Funding is the biggest risk to southern North Sea developments. Many of the companies in the pre-FID projects are small to mid-size exploration and development firms. Appropriating development funds on schedule can be difficult in a down market.

"Cost structures seen during the downturn are favorable if companies can take investment decisions now to take advantage of lower costs," Legate said. FID delays can in turn delay first-production schedules.

"Smaller companies are looking at using more innovative structures in terms contracting rigs, supply vessels, pipe laying vessels, and service suppliers," Legate said.
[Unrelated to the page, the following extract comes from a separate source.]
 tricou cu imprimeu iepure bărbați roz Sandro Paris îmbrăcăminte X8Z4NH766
Tying these expenses to first gas can alleviate some of the upfront cost of getting a field through the development phase, but service and supply companies have been hit hard during the down turn. "Operators may struggle to find companies willing to take on the risk with little or no cash up front." The service sector is stretched now, and has experienced layoffs and in some cases fulfilling contracts on a breakeven basis. "There may be a limited pool of service companies willing to opt for a cost-deferred contract strategy," Legate said.

Northern North Sea

UK OGA is gearing up for its 30th Offshore Licensing Round later in 2017, and East Shetland has garnered attention as being an area with several large discoveries despite being underexplored. The 30th round will focus on mature areas of the UKCS, some of which haven't been offered for licensing in more than 40 years (OGJ Online, June 20, 2017) (Fig. 3). To increase interest, OGA has shot new seismic for several regions including the East Shetland basin.

Kraken field started production in June 2017. EnQuest PLC confirmed the heavy oil field was completed with seven production wells and six injection wells. The production wells are being brought online in phases (OGJ Online, June 23, 2017). "That is one of the first more technically challenging heavy oil fields to come onstream in the northern North Sea," Legate said.
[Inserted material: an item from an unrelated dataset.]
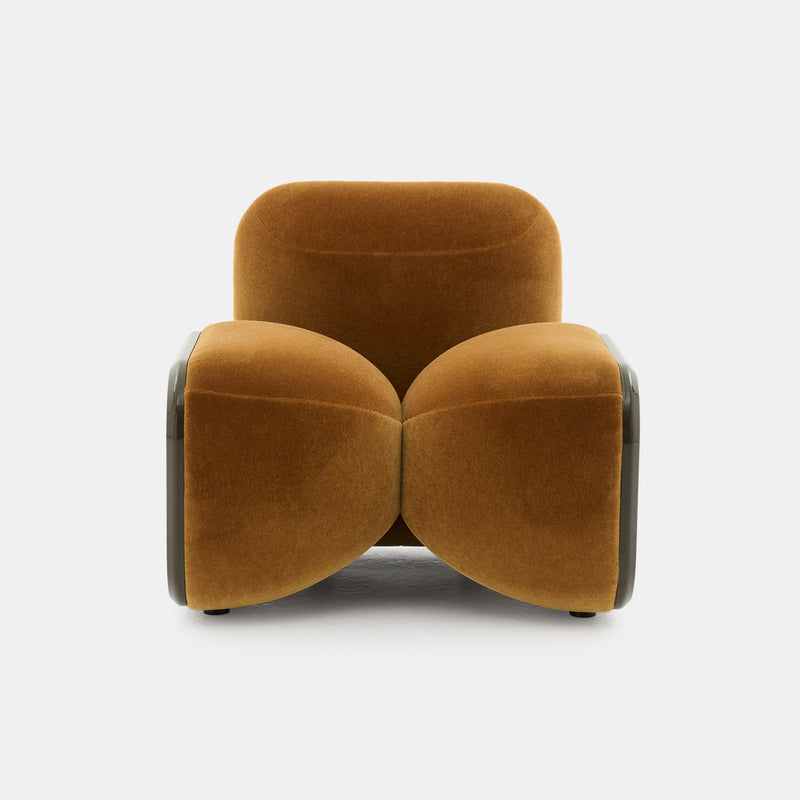 organik contemporary koltuk, oversized boucle lounge chair, özel üretim collectible design koltuk, heykelsi modern luxury berjer, yeşil dokulu sculptural chair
Statoil will bring its heavy oil Mariner field onstream in 2018. These developments combined open up the East Shetland basin for existing discoveries that could be developed through the new hubs and potentially open the region to increased frontier exploration.

"Heavy oil fields are costly to develop and typically have longer lead times," Legate said. "With Kraken on production and Mariner on the way next year, this is a positive time for the East Shetland basin."

Unlike the southern North Sea, majors dominate the northern North Sea and this group has access to more capital. "Near-field exploration wells are cheap to drill in the current environment and discoveries can be tied in to a company's own facilities," Remarked Legate.

EnQuest PLC has drilled the Tyrone and Tiree discoveries from its Kraken hub and there are additional prospects in the area, but no frontier drilling has yet occurred in the East Shetland. "The northern North Sea is a mature area, but we have seen an increase in near-field exploration over the past couple of years," Legate said.

Apache has been drilling near its core Beryl hub, 335 km northeast of Aberdeen. The Beryl field and associated Alpha and Bravo platforms include the Ness, Nevis, Buckland, and Skene fields. The operator has made three discoveries in the last 2 years and is expected to continue near-field exploration.

Four discoveries in the northern North Sea in 2015-16 equaled 100 MMboe. There are three exploration and two appraisal wells planned for 2017 in the northern North Sea. All but one of these are near-field wells-Statoil's Jock Scott-is a frontier well.

Major operators are allocating funds to explore the UKCS, especially in the northern North Sea. "But we feel that it could be a last look around to boost throughput at their existing platforms," Legate said.